WHAT YOU ARE ASKED TO DO:
The output is the lines below from the one with "Zhu-Zhu Microwavable Slippers" through the one with "Soldier packet page", both included, printed exactly and with no other line.
##### ENTRIES PROVIDED #####
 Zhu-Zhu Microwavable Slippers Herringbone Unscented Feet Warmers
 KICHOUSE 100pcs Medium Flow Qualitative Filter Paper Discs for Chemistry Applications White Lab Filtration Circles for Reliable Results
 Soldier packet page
#####
##### ENTRIES PROVIDED #####
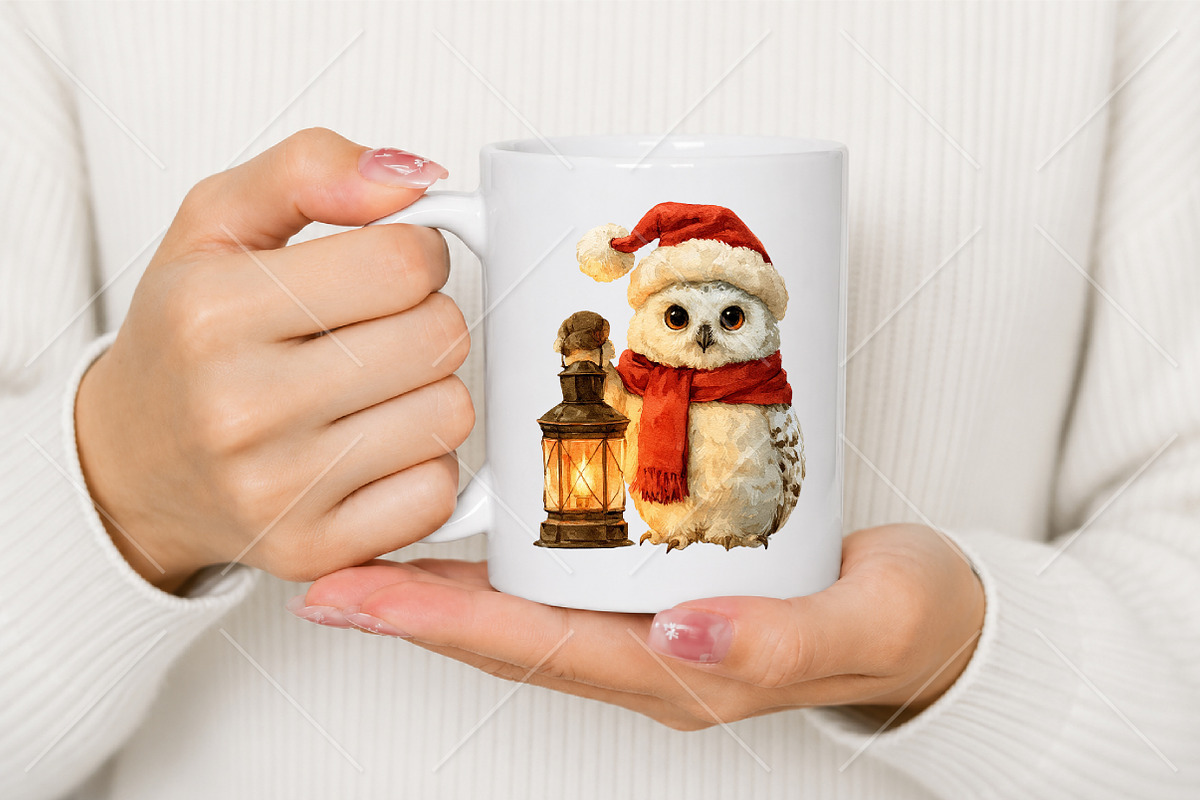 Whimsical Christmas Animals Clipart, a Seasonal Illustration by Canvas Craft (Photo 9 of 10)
#####
REPLY TO THE TASK:
 Zhu-Zhu Microwavable Slippers Herringbone Unscented Feet Warmers
 KICHOUSE 100pcs Medium Flow Qualitative Filter Paper Discs for Chemistry Applications White Lab Filtration Circles for Reliable Results
 Soldier packet page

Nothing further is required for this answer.